Trotzdem blieb das Paar sieben Jahre zusammen, bekam sogar schnell drei Kinder - denn auch das erwarteten die Eltern: Nachwuchs ist in jesidischen Familien Pflicht. Und für Sinan waren "die Kinder das einzige Glück. Nur wegen ihnen hab ich das solange ausgehalten." Die Ehe selbst wurde für ihn zur Qual, machte ihn sogar krank: Sinan bekam Depressionen, nahm 35 Kilo zu.

"Endlich selbst entscheiden"
Doch im Jahr 2005 kam es schließlich zur Trennung - und Sinan Kemal schaffte den Schritt in ein neues Leben: Seit fünf Jahren ist er nun schon mit einer deutschen Frau zusammen, hat mit ihr einen gemeinsamen Sohn. Sinan Kemal fühlt sich befreit: "Ich lebe endlich mein Leben, kann endlich selbst entscheiden und das ist wunderbar“, sagt er - obwohl er genau weiß, dass die Hochzeit mit einer deutschen Christin als Schande gilt.

"Ich hätte offiziell, nebenher eine Freundin haben können, das wäre eher akzeptiert worden als die Trennung", sagt Sinan. "Ich kenne viele, die so leben.

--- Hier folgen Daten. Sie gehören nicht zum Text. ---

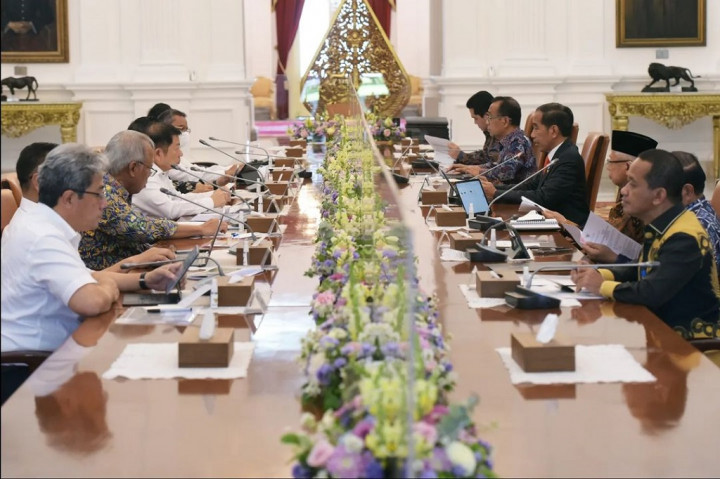 Menteri Perencanaan Pembangunan Nasional (PPN)/Kepala Bappenas Suharso Monoarfa dalam keterangannya usai rapat mengatakan bahwa saat ini progres pembangunan hunian bagi para ASN, TNI, dan Polri di IKN sudah mencapai 26 persen. Pembangunan tersebut mengalami kemajuan setelah pada bulan Februari lalu masih berada di angka 15 persen.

Aber das wollte ich nicht, ich wollte ein ehrliches Leben", sagt er - und fügt hinzu: "Ich habe heute erst kapiert, dass meinen Eltern mein Wohl und mein Glück eigentlich egal war. Wichtig sind allein die Traditionen. Dass man in der Spur läuft, das zählt."

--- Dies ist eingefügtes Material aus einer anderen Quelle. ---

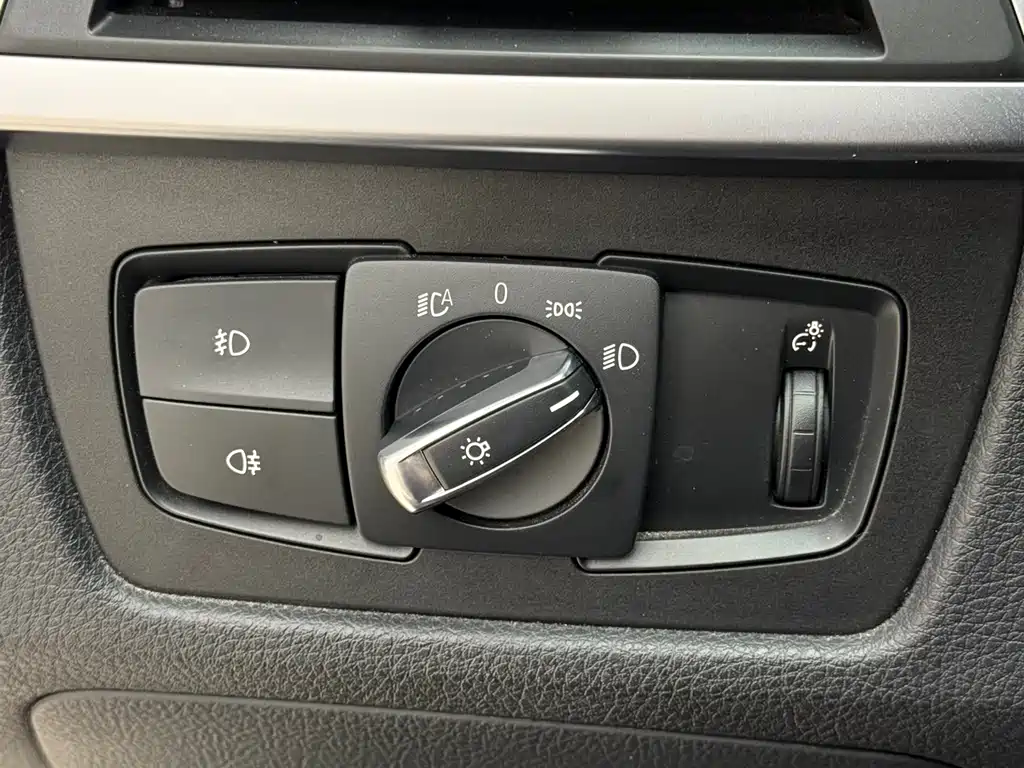 BMW 3 Series 2017 — фото 15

So wie Sinan geht es auch anderen Männern, die von ihren Familie verheiratet werden. Statistiken oder offizielle Untersuchungen gibt es zwar keine. Doch Sinan weiß, dass er kein Einzellfall ist. "Das geht vielen so", sagt er. Doch öffentlich dazu bekennen würde sich eben niemand. Für einen Mann sei das zu peinlich.